To see whether fungicide use would be profitable in your operation, take a look at the Fungicide Calculator developed this past winter by Dr. Peter Kyveryga, senior research associate for the On-Farm Network, working with Blackmer and Pat Reeg, On-Farm Network technology manager. It can be found at http://www.isafarmnet.com/calc/index.php, or by selecting the Fungicide Calculator link at www.isafarmnet.com.
It’s important to understand that the calculator is based on the 282 studies conducted with Headline® fungicide from 2005 through the 2009 growing season. Trials with other fungicides were conducted, and, while these, too, showed a good probability of yield improvement, the majority of trials analyzed were done using Headline. (BASF, maker of Headline, sponsored some of the On-Farm Network fungicide trials, as did Bayer Ag, maker of Stratego® and Stratego YLD.)

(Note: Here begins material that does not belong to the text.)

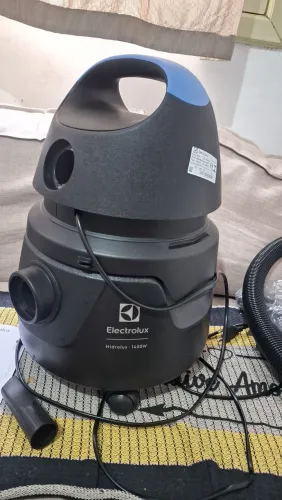 Aspirador de pó Eletrolux AWD01 1400w 12 litros Novo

“The calculator was developed after some of the ISA directors asked whether we thought fungicides would be profitable for them,” Blackmer says. “It uses the trial results to calculate a break-even yield increase and the probability of getting that yield increase based on the history of the first five years of our fungicide trials. The expected profit per acre and the probably range of profits per acre are also included in the report generated by the calculator.”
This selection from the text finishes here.